っていたからであろうも知れんが、お腹《なか》が空かぬだけに一向《いっこう》苦にならず。壊れた竹の欄干《らんかん》に掴《つかま》って、月の懸《かか》った雲の中の、あれが医王山と見ている内に、橋板《はしいた》をことこと踏んで、
 向《むこう》の山に、猿が三|疋《びき》住みやる。中の小猿が、能《よ》う物《もの》饒舌《しゃべ》る。何と小児《こども》ども花折《はなお》りに行《ゆ》くまいか。今日の寒いに何の花折りに。牡丹《ぼたん》、芍薬《しゃくやく》、菊の花折りに。一本折っては笠に挿《さ》し、二本折っては、蓑《みの》に挿し、三枝《みえだ》四枝《よえだ》に日が暮れて……とふと唄いながら。……
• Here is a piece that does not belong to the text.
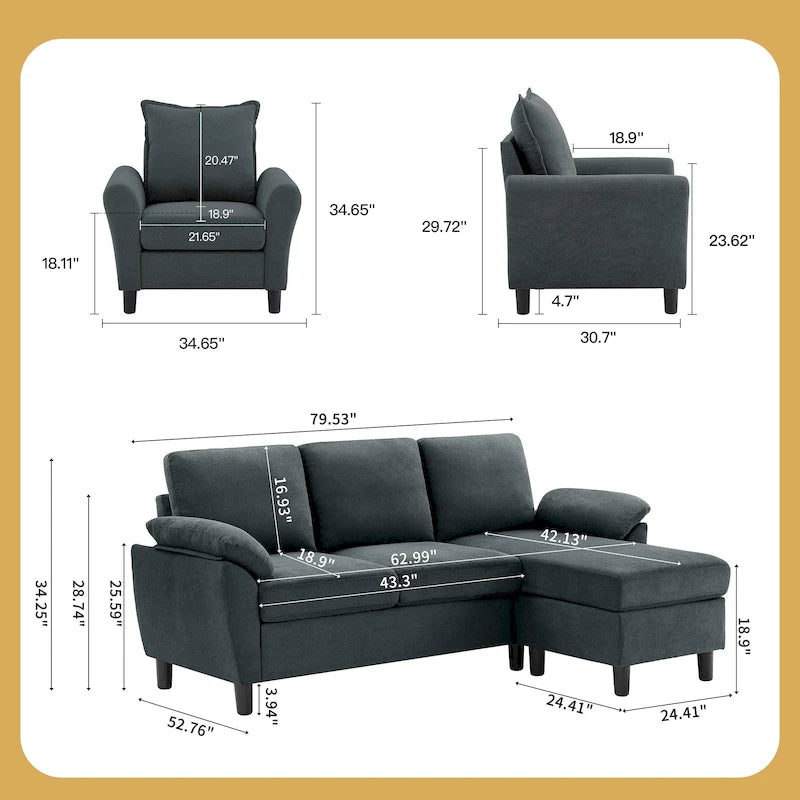 Ensemble canapé d'angle 3 pièces avec fauteuil et pouf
 何となく心に浮んだは、ああ、向うの山から、月影に見ても色の紅《くれない》な花を採って来て、それを母親の髪に挿したら、きっと病気が復《なお》るに違いないと言う事です。また母は、その花を簪《かんざし》にしても似合うくらい若かったですな。」
 高坂は旧《もと》来た方《かた》を顧《かえり》みたが、草の外《ほか》には何もない、一歩《ひとあし》前《さき》へ花売《はなうり》の女、如何《いか》にも身に染《し》みて聞くように、俯向《うつむ》いて行《ゆ》くのであった。
「そして確《たしか》に、それが薬師《やくし》のお告《つげ》であると信じたですね。
 さあ思い立っては矢《や》も楯《たて》も堪《たま》らない、渡り懸けた橋を取って返して、堤防《どて》伝いに川上へ。
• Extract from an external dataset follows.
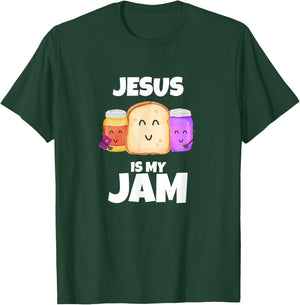 Jesus is my Jam Funny Bible Holding Jam Graphic T-Shirt - T-Shirt | Forest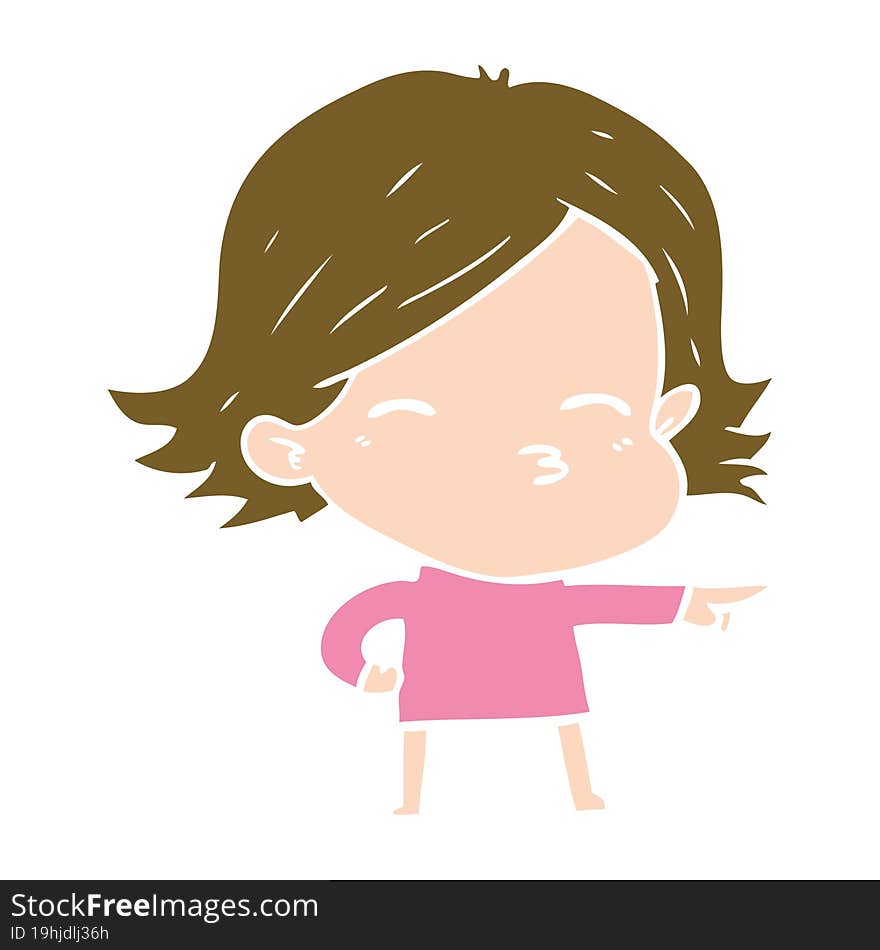 flat color style cartoon woman pointing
 後《あと》でまた渡《わたし》を越えなければならない路ですがね、橋から見ると山の位置《ありか》は月の入《い》る方へ傾いて、かえって此処《ここ》から言うと、対岸《むこうぎし》の行留《ゆきどま》りの雲の上らしく見えますから、小児心《こどもごころ》に取って返したのが丁《ちょう》ど幸《さいわい》と、橋から渡場《わたしば》まで行《ゆ》く間の、あの、岩淵《いわぶち》の岩は、人を隔てる医王山の一《いち》の砦《とりで》と言っても可《よ》い。戸室《とむろ》の石山《いしやま》の麓が直《すぐ》に流《ながれ》に迫る処《ところ》で、累《かさな》り合った岩石だから、路は其処《そこ》で切れるですものね。
 岩淵をこちらに見て、大方《おおかた》跣足《はだし》でいたでしょう、すたすた五里も十里も辿《たど》った意《つもり》で、正午《ひる》頃に着いたのが、鳴子《なるこ》の渡《わたし》。」